Revision as of 21:19, 6 July 2012

US State Department press briefing, 7/3/2012:

MS. NULAND: Well, I don’t think I’m going to justify that with a response one way or the other. I mean, you know where we are on foreign military intervention in Syria.

Listen, before we leave Syria, I just want to take the opportunity, if you didn’t see it, to draw your attention to the Human Rights Watch report that was released today that identifies some 27 detention centers that Human Rights Watch says Syrian Government intelligence agencies have been using since the Assad crackdown on pro-democracy protestors. The report found that tens of thousands of Syrians are in detention by regime security and intelligence agencies and that the regime is carrying out inexplicable, horrific acts of torture, including – well, I’m not going to repeat them here, but I’ll leave it to you to read the report. And in many cases, the Human Rights Watch asserts that even children have been subject to torture by the Assad regime. QUESTION: Do you see that report as credible and solid, and you’re putting – you’re endorsing it? I mean, you’re saying -- MS. NULAND: We have no reason to believe that it is not credible. It’s based on eyewitness accounts, and they’re reporting from a broad cross-section of human rights figures inside Syria. QUESTION: So the next time Human Rights Watch comes out with a report that’s critical of Israel for its treatment of the Palestinians, I’ll assume that you’re going to be saying the same thing, correct; that you think that the report is credible, it’s based on eyewitness accounts?
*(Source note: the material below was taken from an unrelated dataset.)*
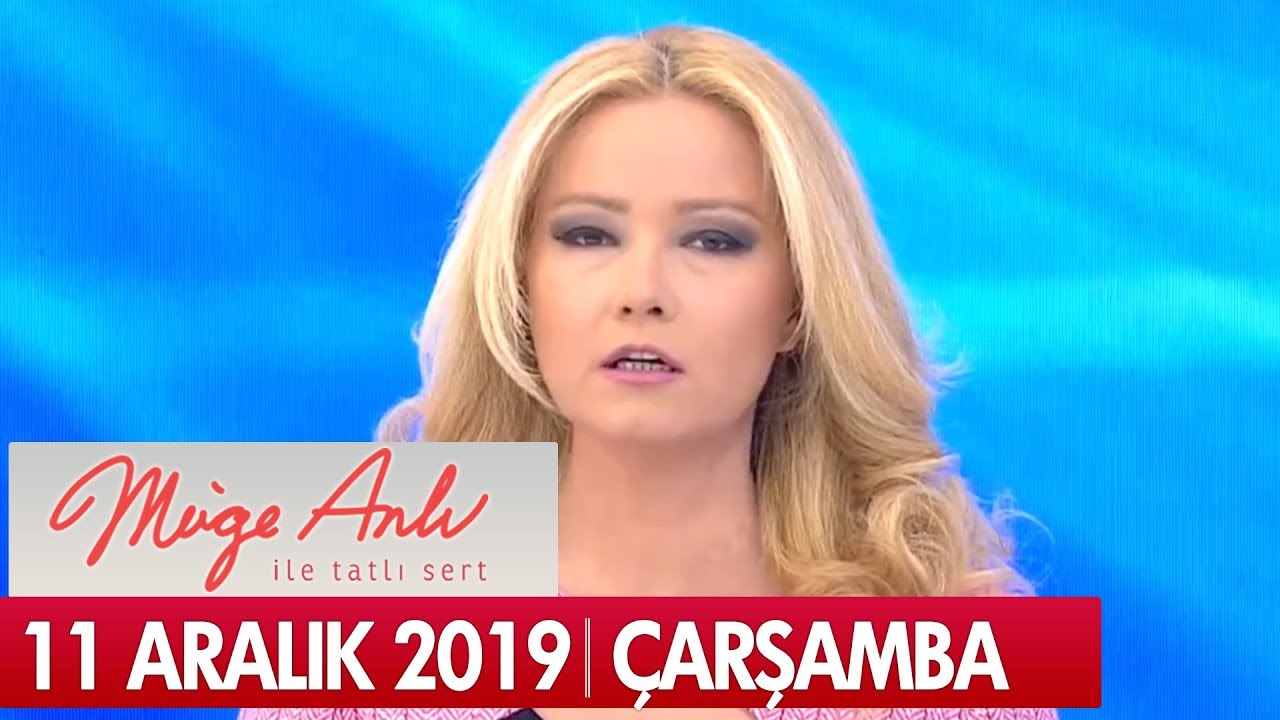 Müge Anlı ile Tatlı Sert 11 Aralık  2019  - Tek Parça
MS. NULAND: As -- QUESTION: And you’re not going to say that it’s politically motivated and should be dismissed? MS. NULAND: Matt, as you have made clear again and again in this room, we are not always consistent. QUESTION: So, in other words, anything that Human Rights Watch says that is critical of someone you don’t like, that’s okay; but once they criticize someone that you do like, then it’s not worth the paper it’s printed on? MS. NULAND: Matt, I’m not going to get into colloquy on this one.